L' IMPERATORE DI ROMA

02.12.2011 21:48

L'imperatore di Roma descrive in bianco e nero alcune giornate-tipo di un tossicodipendente romano di nome Gerry dedito all'accattonaggio e all'uso di droghe. Attraverso estenuanti monologhi ed interminabili camminate, il film mostra la desolante esistenza di un uomo che ha ripudiato ogni schema ed ogni convenzione per vivere come uno dei tanti gatti che abitano i vecchi ruderi della Capitale.

In una civiltà in rovina, quella della Roma non più dei baraccati ma impiegatizia, ruffiana, eppure ancor più decadente, tra periferie, prostitute e tossici, è attraversata da questo biondo personaggio (che comparirà anche nel successivo film di D’Alessandria) della quale si autodefinisce imperatore, e contemporaneamente ci conduce lungo la sua personale via crucis: il rapporto con il padre, le difficoltà affrontate per procurarsi una dose, il ricovero in un ospedale psichiatrico. Non immune da alcuni momenti un po’ pedanti (il rapporto con il padre), resta però nella memoria per lucidità e per il personaggio interpretato da Sperandini, che commuove non senza infastidire, per il degrado a cui si abbandona.

A metà strada fra il documentario e il film di finzione, però virato attraverso un’ottica espressionista che quasi miracolosamente riesce a non risultare imposta, il film di D’Alessandria è anche un miracolo indipendente perchè totalmente autoprodotto. Testimone del suo tempo, è anche, naturalmente (e a volte troppo espressamente) parabola universale, vicino per modalità di realizzazione a certi documentari del decennio precedente come “Anna”, con il quale però non condivide una certa ottica retorica di fondo.
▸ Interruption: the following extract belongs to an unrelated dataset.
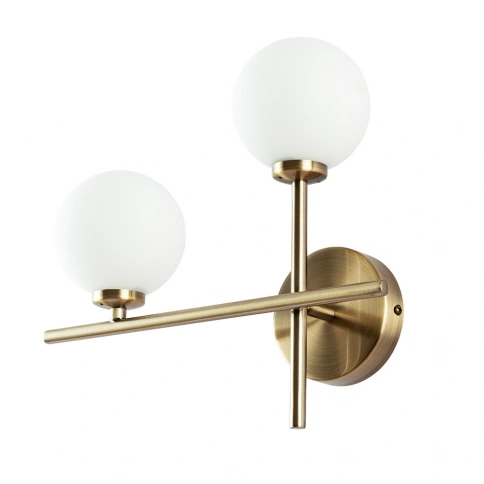 Бра Arte Lamp BOLLA-PICCOLO A3988AP-2AB фото 1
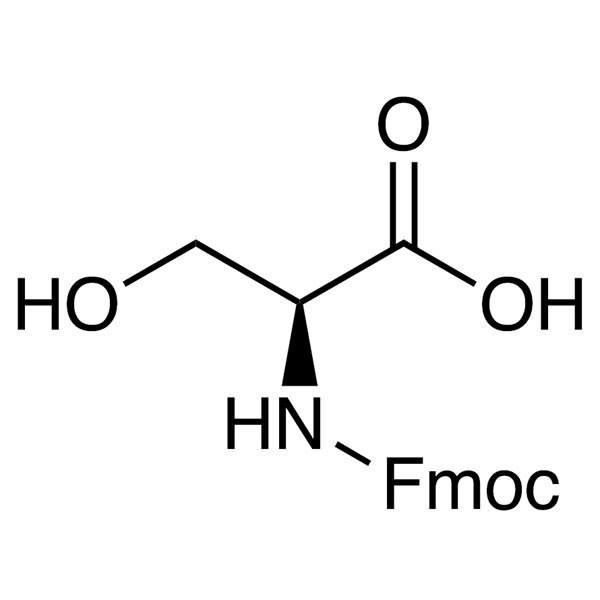 Fmoc-Ser-OH CAS 73724-45-5 Fmoc-L-Serine Purity >99.0% (HPLC) Factory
Da vedere, assolutamente, anche come ultimo baluardo di un cinema che in Italia non esiste più, e anche al di fuori del nostro paese sta quasi scomparendo, grazie ad un sistema di grandi mezzi che si sta impadronendo anche delle piccole realtà autoprodotte.
Un film che si identifica contemporanemente sia con il suo protagonista che con il suo autore.